In 2006, participants re-enacted a “pilgrimage” to the site of John Brown’s Fort, which had been reconstructed on the farm of Alexander Murphy near the historic town. Participants heard a humble speech of atonement from Sen. Robert Byrd (D-W.VA.), the longest serving member in the history of the Senate and himself a former member of the Ku Klux Klan (KKK); and they faced down a silent protest during the event by two dozen modern-day Klansmen, members of the World Knights of the KKK.
“I cannot claim that I led in the effort” to reverse the erosion of the political rights of Blacks that began with the end of the Reconstruction, said Sen. Byrd. “I cannot claim that. But I was wrong,” he continued solemnly.
“I’ve said it before. I say it now. I was wrong. I don’t say that to get your votes. You have exemplified to me what it means to be tolerant and to be forgiving, and I won’t ever, ever forget it. And I thank you.
“The courageous and determined men and women of the Niagara Movement gathered to register their protest of such treatment, and to make known their intention to be vigilant in their efforts to contest any, any, legal action or practice to assign them status as second-class citizens. That was a great and a right thing to do for our country, and for you.”
Later, the crowd stiffened, but there were no incidents when the modern KKK members arrived, escorted by police. They were not wearing white sheets and hoods, but they wore all-black garments with Nazi paraphernalia and slogans such as “racist and proud of it.”
“Father God, Thou knowest the purpose of our meeting. We come to commemorate a great event that happened in the history of this nation. We come to raise the banner of freedom. We come to raise the banner of our Father and our God,” said Reverend Dr.

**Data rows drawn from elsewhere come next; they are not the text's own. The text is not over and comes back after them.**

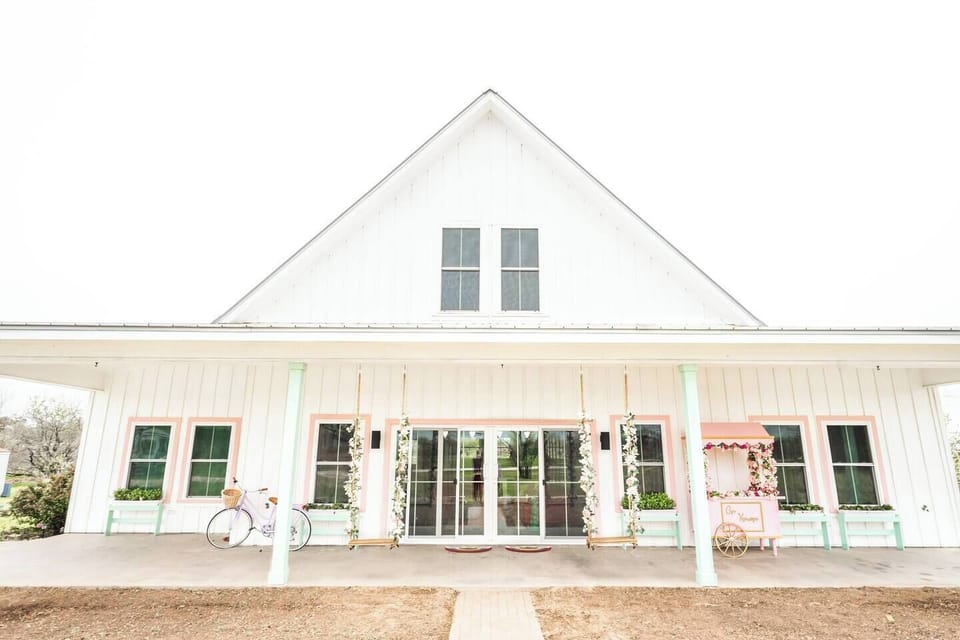 Front view of house with large front patio, sliding doors, and 25' front windows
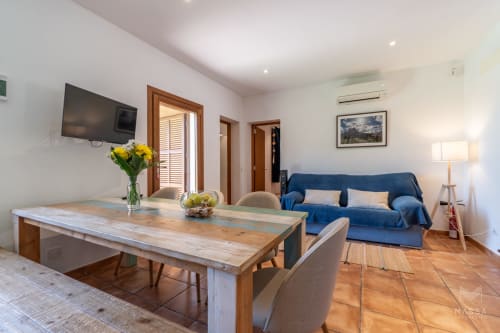 Sala de estar moderna en villa de Artá con vistas al mar, mesa de comedor de madera, sofá azul, televisor y suelos de terracota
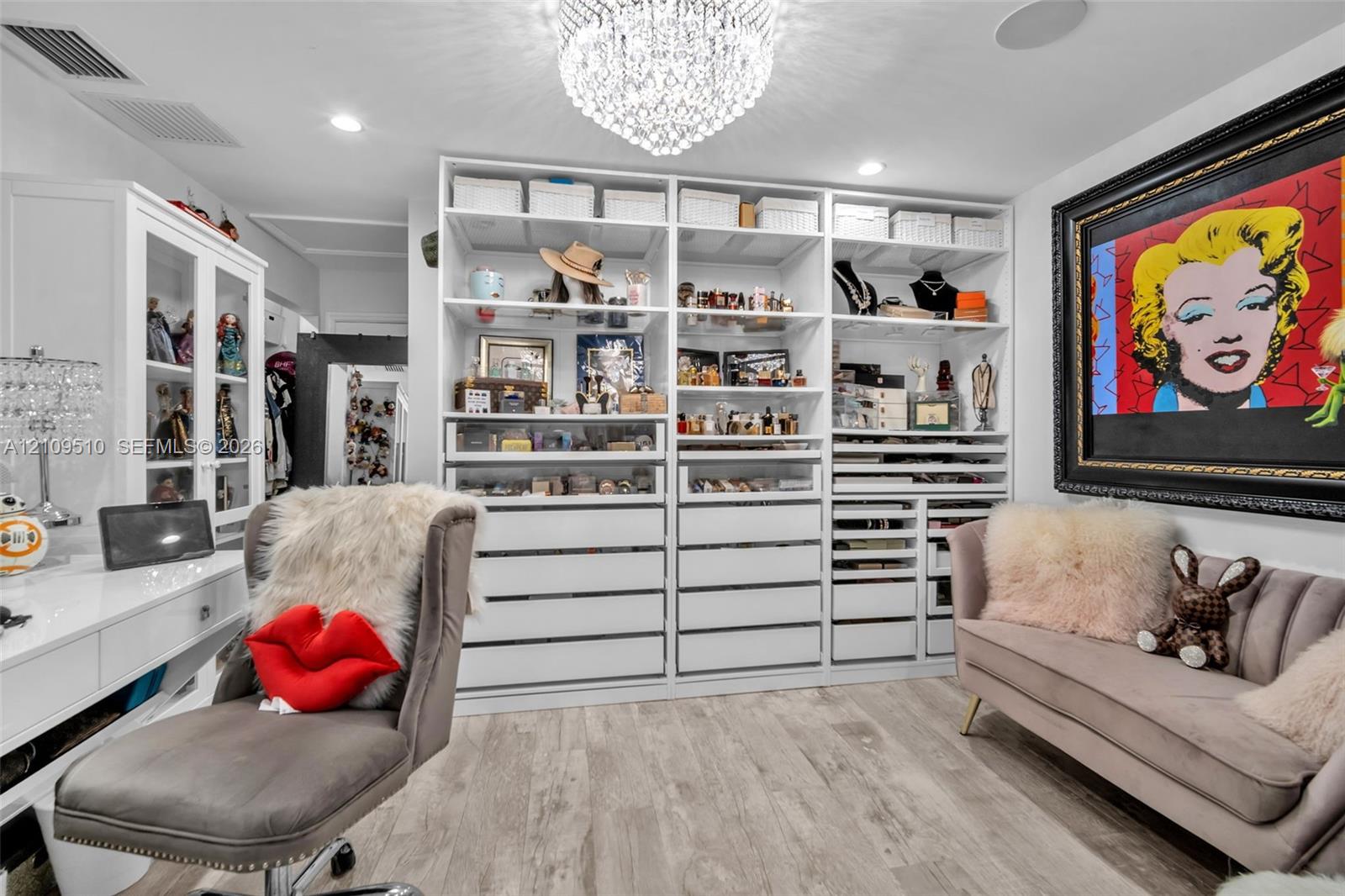 Custom built-in white cabinetry featuring extensive shelving, drawer storage, and glass-front display sections, complemented by wood-finish flooring and a crystal chandelier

Benjamin Hooks, former NAACP president and former Federal Communications Commission member, in the opening invocation.
Sen. Byrd and Dr. Hooks unveiled a State Historical Marker commemorating the Niagara Movement’s 1906 Harpers Ferry meeting.
A month earlier, current NAACP President Bruce Gordon and Board Chairman Julian Bond unveiled a tablet honoring the John Brown raid, which was originally set to be placed on the Storer College campus in 1932.
“Here, John Brown aimed at human slavery a blow that woke a guilty nation,” the plaque read in part. Its dedication was delayed more than 70 years because the college administration thought it to be too militant at the time. Storer College was closed in 1965 after West Virginia’s colleges and universities were integrated as a result of the Brown v. Board Supreme Court decision.
The weeklong Niagara Movement Centennial was organized by U.S. Park Ranger Todd Bolton, with the assistance of Jefferson County, West Virginia-NAACP President George Rutherford. The planning spanned a 12-year period.
In 1896, 10 years before the Niagara meeting, the Colored Women’s League of Washington, D.C., led by Dr. Mary Church Terrell, met in Harpers Ferry and made a pilgrimage to the John Brown Fort.
The 2006 commemoration heard from many civil rights pioneers, including the widow and daughters of Reverend Dr. Ralph Abernathy, Reverend Walter Fauntroy, and included musical performances by folk singer Odetta, the Count Basie Orchestra and the Gospel Choir from Shiloh Baptist Church in Washington, D.C., among others. Reverend J. Milton Waldron, pastor of Shiloh Baptist Church in 1906, was an original participant in the Niagara Movement meeting.